Why are they equivalent?
Thanks a lot!
Edit: added a numeration
Best Answer
For simplicity assume $f$ is smooth. It turns out you can always approximate a subharmonic function by smooth subharmonic functions, so you aren't really losing any generality by doing so.
$(iv)\iff(iii)$: This is more or less by definition. Suppose $\phi\in C_c^\infty(U)$ is such that $\phi\geq 0$. Integration by parts says $$\int_Uf\Delta\phi = \int_U\phi\Delta f.$$ Suppose $(iv)$ holds, i.e., $\Delta f\geq 0$. Since $\phi\geq 0$, the right hand side of the equality is $\geq 0$, hence so is the left. Now assume $(iii)$. We know the left hand side is always $\geq 0$, and hence $\int \phi\Delta f\geq 0$ whenever $\phi\geq 0$ is compactly supported smooth. This means $\Delta f\geq 0$, as otherwise you could choose an appropriately constructed $\phi$ for which the right hand side would be negative.
You say you have shown $(i)\iff (iv)$, so this shows $(i)\iff (iv)\iff (iii)$.

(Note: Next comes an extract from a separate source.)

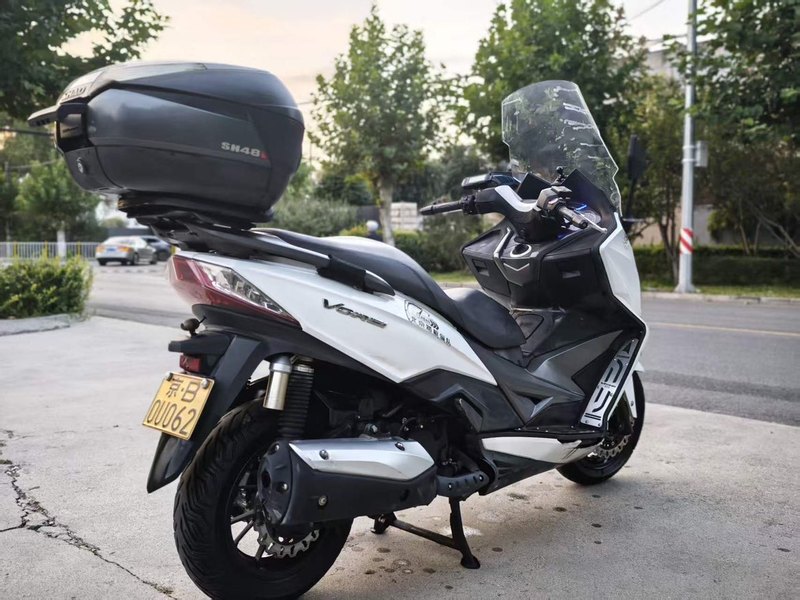 二手大阳V锐 300T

The proof of $(ii)\implies (i)$ that I know uses a bit more -- the solution of the Dirichlet problem. Suppose $\mathbb{B}_r(x)\subset U$, and let $u$ be a harmonic function on $\mathbb{B}_r(x)$ that agrees with $f$ on the boundary of $\mathbb{B}_r(x)$. Because of $(ii)$, one has $f\leq u$ on all of $\mathbb{B}_r(x)$. In particular, $$f(x)\leq u(x) = \frac{1}{n\alpha(n)r^{n-1}}\int_{\partial\mathbb{B}_r(x)} u(y)\,dS(y) = \frac{1}{n\alpha(n)r^{n-1}}\int_{\partial\mathbb{B}_r(x)} f(y)\,dS(y).$$
It only remains to show that something implies $(ii)$. We'll do $(i)\implies (ii)$. Suppose that $(ii)$ is false. Let $D\Subset U$ be a domain and $u\colon D\to \mathbb{R}$ a harmonic function on $D$ which agrees with $f$ on $\partial D$, but for which there is a point $x\in D$ such that $f(x)>u(x)$. Let $V$ be the collection of points $\{x\in D : f(x)>u(x)$}. This is an open set which is nonempty by assumption. Fix an $x_0\in V$ for which $f(x_0) - u(x_0)$ is maximal. Then for small $r>0$, one has that $\mathbb{B}_r(x_0)\subset V$, and thus $$f(x_0) - u(x_0)\leq \frac{1}{n\alpha(n)r^{n-1}}\int_{\partial\mathbb{B}_r(x_0)} f(y) - u(y)\,dS(y).$$ On the other hand, the integrand $f(y)-u(y)$ is $\leq f(x_0) - u(x_0)$ by maximality, so the only way for this inequality to hold is if $f(y) - u(y)\equiv f(x_0) - u(x_0)$ for $y\in\partial\mathbb{B}_r(x_0)$. Since $r>0$ could have been anything (small), it follows that $f(x) - u(x)$ is constant in a neighborhood of $x_0$. By a connectedness argument, we see that $f(x) - u(x)$ is constant in $D$. However, $f$ and $u$ agree on $\partial D$, so it must be that $f\equiv u$ on $D$, contradicting our assumption that there is some $x$ with $f(x)>u(x)$. We conclude that $(i)\implies (ii)$.